Bir Dilim Ekmek, Bir Yudum Vicdan…
Bir çocuk düşün dostum…
Okula aç gidiyor. Defterinde karalamalar var ama midesinde hiçbir şey yok.
Beslenme çantasına annesi “yarın koyarım” demiş.
O “yarın”, o çocuk için hiç gelmeyebilir.
Bir yaşlı kadın…
Pazar yerinde artık sebzeleri topluyor.
Kimse görmesin diye başını eğiyor.
Utanan o değil aslında — utanması gereken biziz.
Bir baba…
Evde çocuklarının yüzüne bakamıyor.
Elektrik faturasını ödeyememiş, mutfakta boş bir tencere.

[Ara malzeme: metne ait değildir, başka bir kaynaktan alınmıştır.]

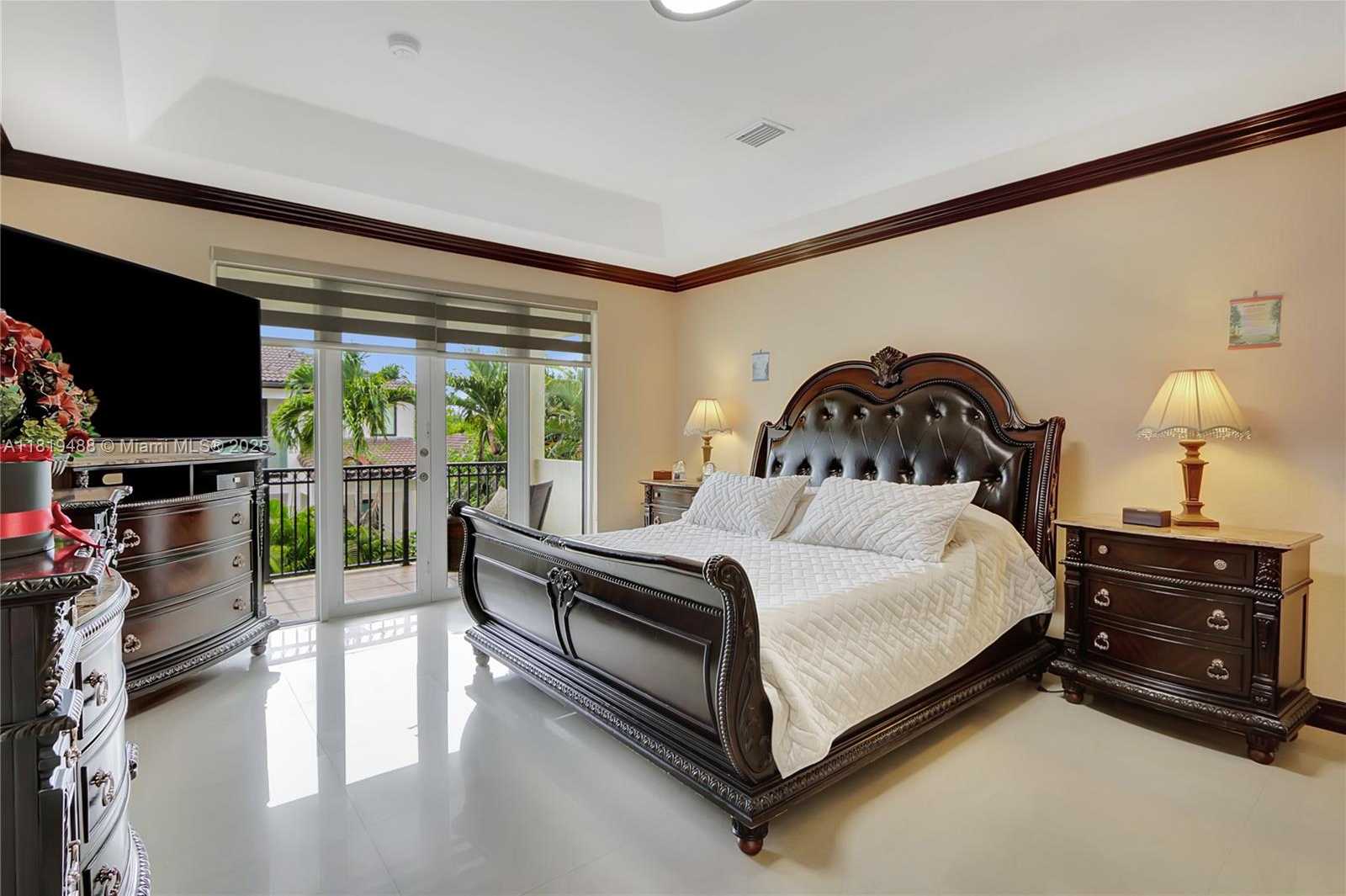 Small Image of 8902 NORTH WEST 178TH LN, Hialeah Number 29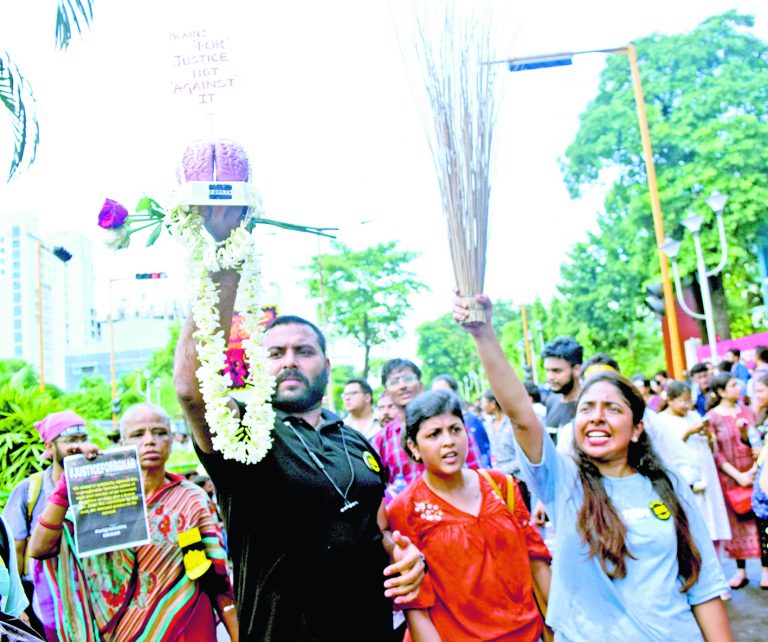 सुप्रीम कोर्ट की डेडलाइन खत्म, हड़ताल जारी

Tencere kaynamadığında sadece yemek değil, umut da tükeniyor.
Ve birileri hâlâ bu ülkenin büyüdüğünü, refah içinde yüzdüğünü söylüyor.
Açlık; sadece aç kalmak değildir,
sesini duyuramamaktır, yok sayılmaktır.
Bir lokma ekmek uğruna, bir ömrün küçülmesidir bazen.
Ama biz biliyoruz:
Bu düzen değişebilir.
Bu halk, emeğiyle, alın teriyle, kalbiyle dimdik durabilir.
Çünkü biz sofraları paylaşmayı bilen bir milletiz.
Yeter ki, adalet olsun.
Yeter ki, birilerinin doyabilmesi için başkaları aç kalmasın.
Bugün açlığa göz yumanlar,
yarın halkın vicdanında yargılanacak.
Ve biz, o gün gelene dek, her aç çocuğun, her yoksulun, her emekçinin sesi olmaya devam edeceğiz.
Çünkü bu ülke herkes doyana kadar özgür değildir.